= Jayne Loader =

American director and writer

Jayne Loader (born 1951) is an American director and writer best known for the 1982 Cold War documentary The Atomic Cafe.

==Early life==
She was born in 1951 in Weatherford, Texas. She graduated from Reed College (B.A., 1973) and the University of Michigan (M.A., 1976).

==The Atomic Cafe==
She co-directed The Atomic Cafe (1982) with Pierce Rafferty and Kevin Rafferty and has guested on many television shows, including Late Night With David Letterman. She is the author of Between Pictures (1986, ISBN 0-312-91345-1), a novel, Wild America (1989, ISBN 0-8021-1106-8), a collection of short stories, and articles on film and culture.

==Later years==
In 1995, she created the CD-ROM and Website Public Shelter, which premiered in January 1996 at the New Media Center of the Sundance Film Festival and received two New Media INVISION Awards at Comdex.

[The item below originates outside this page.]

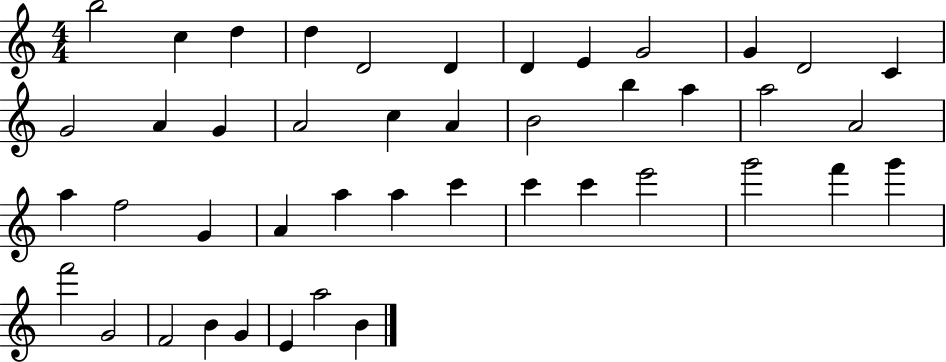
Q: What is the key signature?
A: C major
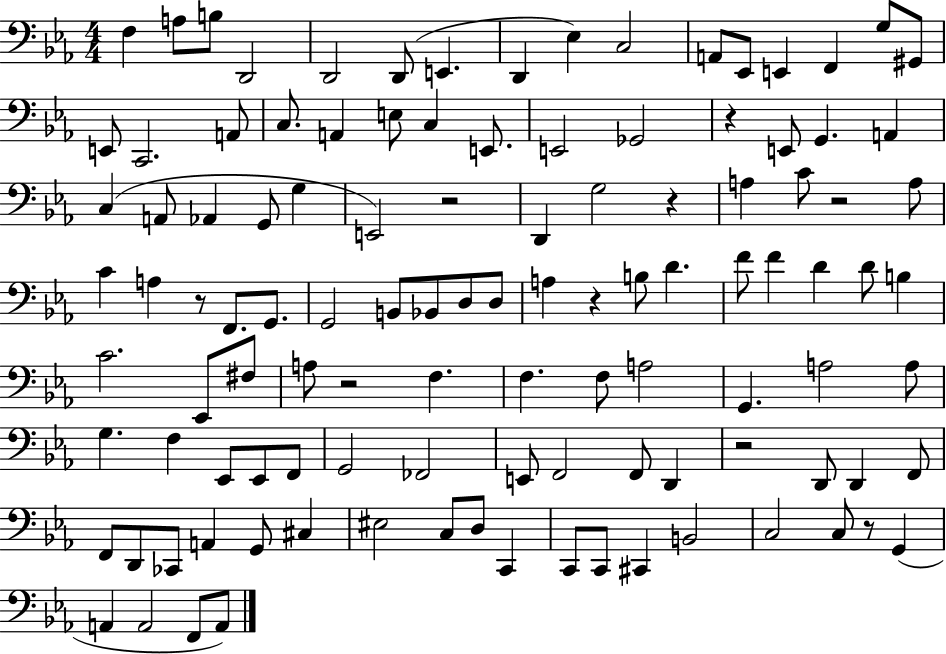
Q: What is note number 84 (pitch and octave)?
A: D2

From 1995 to 1997, she wrote WWWench, one of the first blogs and traveled the world as a New Media evangelist. In 1988, she debuted as a fictional character in Timothy Leary's What Does WoMan Want? In 1999, she married the astronomer Robert Kirshner. From 2001 to 2007, Loader and Kirshner were the Masters of Quincy House, one of Harvard's twelve undergraduate houses, where they lived with their bull terriers, Astra and Albert. During her tenure at Quincy, Loader renovated the Masters' Residence and Gym; helped to redesign the Dining Hall; gave many parties (assisted by the Quincy House Elves); and launched the controversial Masters' Nights speakers series. While serving on the Steering Group of the Resource Efficiency Program, Loader created the popular Valentine's Day Cosmetics Drive (2003–present), which survives her under the aegis of the Harvard Office for Sustainability.

She lives in Friendship, Maine and Pasadena, California.